The Mid-Range Rubber slug is a solid baton device whose projectile looks like a silo. Most less lethal products with this kind of effectiveness use fin stabilization or trail streamers behind. The Mid-Range Rubber Slug looks like a slug, which is an inherently more stable vehicle than a projectile with a tail.
This payload is 130 grains and feels more like hard plastic than rubber. I cannot attest how this feels on the receiving end, just as I would not volunteer to step in front of a moving vehicle. I have talked to officers who have deployed this tool and they described excellent results.
The Mid-Range Rubber Slug behaved like a lead slug, primarily because it is oriented to the target throughout its flight. It was stable, consistent in velocity and remarkably accurate. The velocity did not deteriorate much at the 40 yard range, which means that the minimum engagement of 20 yards is not just a suggestion.
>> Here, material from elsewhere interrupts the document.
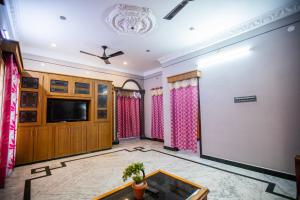蓬蒂切里Sri Balaji Villas的客厅配有电视和桌子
20 yards is a pretty good distance to fire a less lethal projectile, considering that’s the maximum engagement distance for most flexible baton or “beanbag” rounds. It hit reliably at point of aim, out to its advertised 40 yards. Lightfield also makes a product (LERS-12) which can be employed out to 60 yards, which is beyond the reach of most similar products.
There are some things one should know: A flexible baton “beanbag” type of round will have a theoretically more fluid transfer of energy than a silo of hard rubber. A sack filled with shot or similar material will strike like a bag filled with several objects, which differs from a consistent frontal area, like the Mid-Range Rubber Slug. The Mid-Range Rubber Slug will fly farther and more accurately, but the energy transfer is over a small frontal area.
The velocity of the “beanbag” will deteriorate quickly, especially a drag-stabilized one. The Lightfield Mid-Range Rubber Slug provides accuracy over a flexible baton out to a much better standoff distance.
Lightfield Less Lethal Research has provided a product line which reliably meets the intention of employing less lethal tools. These products can be used on existing equipment using familiar techniques. They are inexpensive enough to allow excellent training opportunities, portable enough for every officer to carry a selection, and reliable enough for consistent law enforcement use.